### About this task
Only the lines from the beginning of the data below through the line containing "Replica Amiri T-Shirts" belong in the response, each copied exactly.

(Extracted records)

# # # # # # #

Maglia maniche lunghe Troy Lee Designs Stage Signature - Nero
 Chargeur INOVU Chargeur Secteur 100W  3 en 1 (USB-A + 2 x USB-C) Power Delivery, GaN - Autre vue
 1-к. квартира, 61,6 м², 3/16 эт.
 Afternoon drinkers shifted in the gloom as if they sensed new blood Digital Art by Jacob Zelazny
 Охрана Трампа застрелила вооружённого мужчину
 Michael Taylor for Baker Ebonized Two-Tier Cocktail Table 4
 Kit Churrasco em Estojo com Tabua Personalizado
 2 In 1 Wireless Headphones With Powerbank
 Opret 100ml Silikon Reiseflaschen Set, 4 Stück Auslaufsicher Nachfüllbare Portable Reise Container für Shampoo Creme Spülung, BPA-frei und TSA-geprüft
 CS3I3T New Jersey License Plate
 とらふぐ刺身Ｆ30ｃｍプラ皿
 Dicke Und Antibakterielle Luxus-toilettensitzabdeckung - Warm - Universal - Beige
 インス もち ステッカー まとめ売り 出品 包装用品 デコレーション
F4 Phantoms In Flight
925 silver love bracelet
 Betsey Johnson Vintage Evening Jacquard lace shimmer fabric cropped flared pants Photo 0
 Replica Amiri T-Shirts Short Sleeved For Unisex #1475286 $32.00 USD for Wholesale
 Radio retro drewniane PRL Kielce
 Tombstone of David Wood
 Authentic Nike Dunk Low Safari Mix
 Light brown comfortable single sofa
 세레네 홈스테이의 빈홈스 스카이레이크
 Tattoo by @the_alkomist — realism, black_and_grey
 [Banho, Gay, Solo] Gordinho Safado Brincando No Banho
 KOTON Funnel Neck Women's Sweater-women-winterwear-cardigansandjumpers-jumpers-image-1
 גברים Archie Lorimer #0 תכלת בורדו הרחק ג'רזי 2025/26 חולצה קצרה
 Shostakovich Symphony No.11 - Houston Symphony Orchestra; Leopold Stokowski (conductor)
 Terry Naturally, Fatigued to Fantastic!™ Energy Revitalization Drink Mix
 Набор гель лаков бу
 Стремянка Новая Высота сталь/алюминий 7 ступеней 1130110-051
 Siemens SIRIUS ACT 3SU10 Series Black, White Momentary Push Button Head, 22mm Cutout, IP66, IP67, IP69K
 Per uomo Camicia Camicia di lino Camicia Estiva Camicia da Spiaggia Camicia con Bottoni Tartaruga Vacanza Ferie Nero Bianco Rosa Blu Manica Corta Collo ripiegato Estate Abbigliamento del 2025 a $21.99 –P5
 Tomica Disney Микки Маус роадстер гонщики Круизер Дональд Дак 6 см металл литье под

# # # # # # #

### Exercise output
Maglia maniche lunghe Troy Lee Designs Stage Signature - Nero
 Chargeur INOVU Chargeur Secteur 100W  3 en 1 (USB-A + 2 x USB-C) Power Delivery, GaN - Autre vue
 1-к. квартира, 61,6 м², 3/16 эт.
 Afternoon drinkers shifted in the gloom as if they sensed new blood Digital Art by Jacob Zelazny
 Охрана Трампа застрелила вооружённого мужчину
 Michael Taylor for Baker Ebonized Two-Tier Cocktail Table 4
 Kit Churrasco em Estojo com Tabua Personalizado
 2 In 1 Wireless Headphones With Powerbank
 Opret 100ml Silikon Reiseflaschen Set, 4 Stück Auslaufsicher Nachfüllbare Portable Reise Container für Shampoo Creme Spülung, BPA-frei und TSA-geprüft
 CS3I3T New Jersey License Plate
 とらふぐ刺身Ｆ30ｃｍプラ皿
 Dicke Und Antibakterielle Luxus-toilettensitzabdeckung - Warm - Universal - Beige
 インス もち ステッカー まとめ売り 出品 包装用品 デコレーション
F4 Phantoms In Flight
925 silver love bracelet
 Betsey Johnson Vintage Evening Jacquard lace shimmer fabric cropped flared pants Photo 0
 Replica Amiri T-Shirts Short Sleeved For Unisex #1475286 $32.00 USD for Wholesale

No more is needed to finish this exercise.